At the same time, Thaksin's brutal tactics during a rumbling conflict in southern Thailand only further stoked unrest, culminating in a series of bombings last weekend in the southern resort town of Hat Yai. And Thaksin seemed not to understand the line between serving as prime minister and serving his family's business, a telecommunications empire that made him the richest man in the country. A 2003 study by Vanderbilt University of publicly listed firms in 47 countries revealed that Thailand had the third-largest percentage of companies with connections to the governing party (Russia and Italy had the most). Eight of the ten largest conglomerates in Thailand had officials with links to their companies in Thaksin's cabinet. The final blow came earlier this year, when Thaksin appeared to use the power of his office to help sell part of his family's telecommunications to a Singaporean firm.

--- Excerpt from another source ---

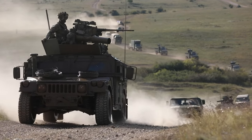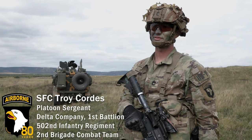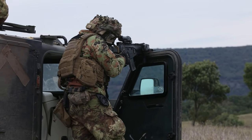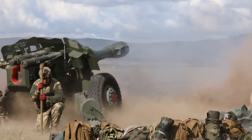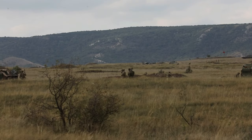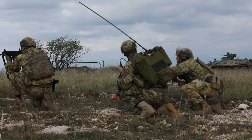Brave Warrior is a two-week training exercise that involves the validation of the EVA battle group here in Hungary. It involves the Italians, Hungarians, Croatians, as well as the Americans acting as partners. It has a FTX phase as well as multiple live fire exercise phases.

Eventually, Thaksin even alienated the most important power center in Thailand--the monarchy. Though Thailand's king is technically a constitutional monarch, he is deeply revered by most Thais, and, through surrogates in the Thai political scene, quietly wields vastly more power than someone like Queen Elizabeth. When the palace obliquely criticized Thaksin's corruption and amassing of power, Thaksin refused to budge. The army historically has close ties to the monarchy. Upon seizing power, the military transitional government released a statement condemning Thaksin for "lèse majesté"--insulting the honor of the king.

Now, Thaksin will have to rally just those liberals in Bangkok who previously had cursed him and called for his head. American policymakers, too, face a similar dilemma; democratizer John McCain, for example, has blasted Thaksin's policies.

Posted by Orrin Judd at September 20, 2006 12:00 AM

Yes, the King is immensely popular, so his support indicates a done deal. Good news because I have a business trip scheduled to Bangkok for mid-October . If previous visits are any indication, it may be hard to tell the difference in the chaos that is a large third-world city.

Posted by: TimF at September 20, 2006 11:46 AM

So, when Shin wins again, then what?

Posted by: Bob at September 20, 2006 12:40 PM

You restrict the franchise.

Posted by: oj at September 20, 2006 2:18 PM

I don't know what part it may have played in recent Thai politics, but 4500 people have been killed by Muslim rioters, protestors, and terrorizers in the past year (primarily in the south). Supposedly the general who led the coup is Muslim. Perhaps that is just a coincidence (I don't know anything about him or the guy he dumped).

Could the recent focus on the Thai sex "industry" have played any part in what happened?

Posted by: jim hamlen at September 20, 2006 9:49 PM

Why would it? Moslems believe in the degradation of women and what could be more unhumanizing than the sex trade?